■ ACTIVITY ■
The line with "2026 Hyundai Sonata - $26,372", the line with "Produktbild Freecolor CF363X (M)", and all lines between them in the material below: return these exactly, and no others.

■ DATA SUPPLIED ■

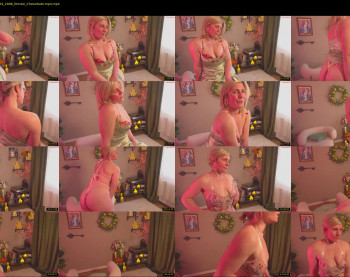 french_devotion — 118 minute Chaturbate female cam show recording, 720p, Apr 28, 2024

...

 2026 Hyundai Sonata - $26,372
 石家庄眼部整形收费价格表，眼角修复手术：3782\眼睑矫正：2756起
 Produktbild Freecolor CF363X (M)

==

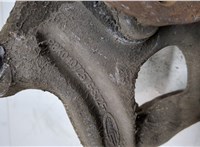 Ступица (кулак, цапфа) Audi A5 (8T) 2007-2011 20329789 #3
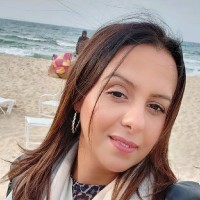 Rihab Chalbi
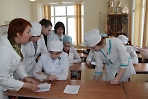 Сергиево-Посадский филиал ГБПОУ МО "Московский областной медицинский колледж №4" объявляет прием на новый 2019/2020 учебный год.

■ PROBLEM SOLUTION ■
 2026 Hyundai Sonata - $26,372
 石家庄眼部整形收费价格表，眼角修复手术：3782\眼睑矫正：2756起
 Produktbild Freecolor CF363X (M)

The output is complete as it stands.